Художник XX века не раз попытается, уходя от развитой художест­венной традиции и намеренно «позабыв» привычные условности образно­го языка искусства, то ли воскресить, то ли создать заново «мифическую метафору» (вернее, ее подобие), пользуясь навыками интеллектуального бриколажа. Тут возможны самые разные пути, ведь всякое приобщение художника нашего времени к далекой архаике является фактом современ­ного искусства и зависит от индивидуального творческого замысла. М.Цветаева так заканчивает свой очерк о Волошине: «Скажу образно: он был тот самый святой, к которому на скалу, которая была им же, прибегал полечить лапу больной кентавр, который был им же, под со­лнцем, которое было им же». Макс — святой, Макс — скала, Макс — кентавр, Макс — солнце. «Скажу образно», — пишет Цветаева. Ничего себе — «образно»! На самом деле поэтическое сравнение или метафора начинают тяготеть к «до-метафоре», когда вот-вот станут неуместны всякого рода «как», «подобно», «словно» и место «перенесения» займет мифическое тождество. Цветаева-поэт — настоящий кудесник языка. Её стих обычно предельно динамичен, он едва поспевает за стремительным развитием действия, за поспешностью диалога, за порывистым чувством, за страстным напряжением лирического высказывания. Внутренняя дина­мика поэзии Цветаевой усиливается разрывами и усечениями строк и слов, скачущим, сбивчивым или «летящим» ритмом, введением в поэти­ческий текст целой россыпи наречий, которые делают явной мощную, напористую, совсем не женскую энергию стиха («Сласти — шагом. / Страсти — рысью <...> Вести — шаром, / Гости — шастом. <...> Шаром — жаром — / Жигом — граем...). Этот внутренний напор (всё взахлеб!) кажется неудержимым, когда поэт, словно сеятель — зерно, разбра­сывает горстями глаголы, существительные, наречия, которые стреми­тельно разлетаются, торопятся «прозвучать», увлекая читателя неостано­вимым потоком поэтической речи, не давая передохнуть. Цветаева легко, будто не задумываясь, переиначивает слова, иногда используя неправиль­ности простонародного языка (скорее! скорее! лишь бы выразить, выска­зать, выплеснуть!), вроде: «Так вбаливаются в любовь», или: «Мой брат по беспутству, / Мой зноб и зной...», или: «Часть — рябь. Слепь — резь! / Мне лица не занавесь!».

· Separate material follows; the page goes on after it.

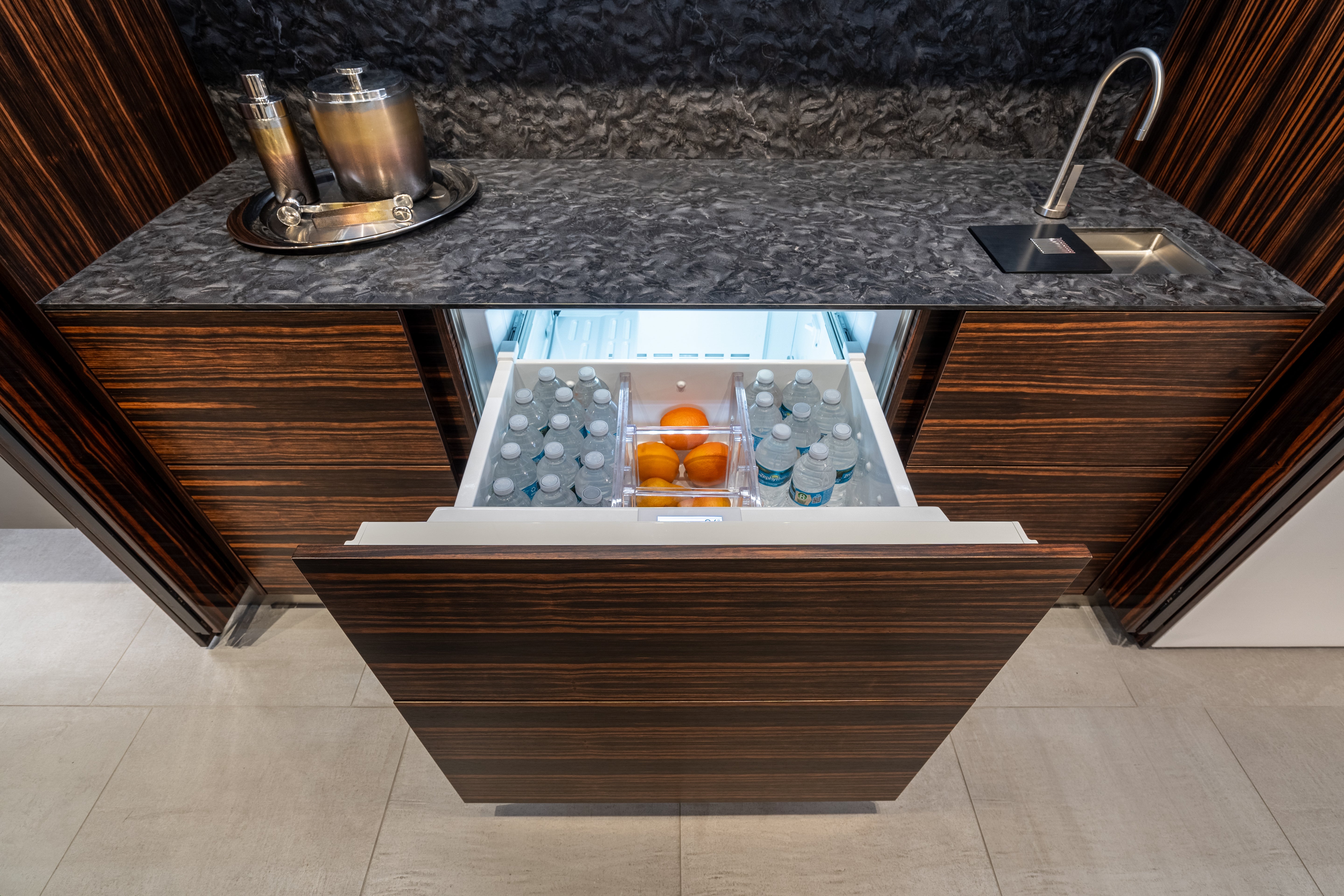 eggersmann Matte and High Gloss Modern Bar with Makassar Accents and Sliding Mirror Door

Поэтические тропы Цветаевой многообразны, многообразны ее мета­форы: «Век мой — яд мой, век мой — вред мой. / Век мой — враг мой, век мой — ад». Конечно, подобное «перенесение» рождено острым, очень личным и очень современным восприятием. Но уже, к примеру, образ рябины, любимый цветаевский образ (образ женской судьбы, России), укорененный в народном творчестве, соотносится с древнейшими мифи­ческими образами-отождествлениями (дерево — женщина, дерево — Мать, Мать — Земля).

Иногда сквозь наслоения времени еще более явно проступают приме­ты мифометафоры или «до-метафоры». В стихотворении «Сивилла» праж­ского цикла Цветаева, сравнивая вещую Сивиллу с вещим деревом («Си­вилла: выжжена, сивилла: ствол»), прикасается к древнему культу де­ревьев, которые считались населенными духами и были, по свидетельству Плиния, первыми храмами. (Деревянный столб [ствол] или столб камен­ный, — вероятно, один из древнейших языческих идолов.) «Сивилла: вещая! Сивилла: свод!» — т.е. свод пещеры, где прорицала знаменитая Кумекая Сиввила, и свод небесный, откуда снисходит озарение. «Держав­ным деревом в лесу нагом — / Сначала деревом шумел огонь». Дерево с незапамятных времен связано с огнем (огонь добывался с помощью дере­вянных палочек, деревья горели в священных очагах и умирали в пламени жертвенников). Быть может, к тому же Цветаевой пришли на память еще и сгоревшие в храме Юпитера Капитолийского сивиллины книги? «Сивил­ла: выпита, сивилла: сушь. / Все жилы высохли...» Сухость (как и холод, темнота) издавна связывалась со старостью. М.Маковский находит в разных языках следы изначального сопряжения таких понятий (явлений), как «старость» и «дерево». А еще — «жертвоприношение». Уж не связа­но ли это с древнейшим обычаем приносить в жертву (быть может, сжи­гать) стариков? И наверняка Цветаевой вспомнилась легенда о Кумской Сивилле, которая, получив от Аполлона дар прорицания и долголетня, забыла попросить вечную молодость и вскоре превратилась в высохшую старуху, подобную высохшему дереву («Все жилы высохли»).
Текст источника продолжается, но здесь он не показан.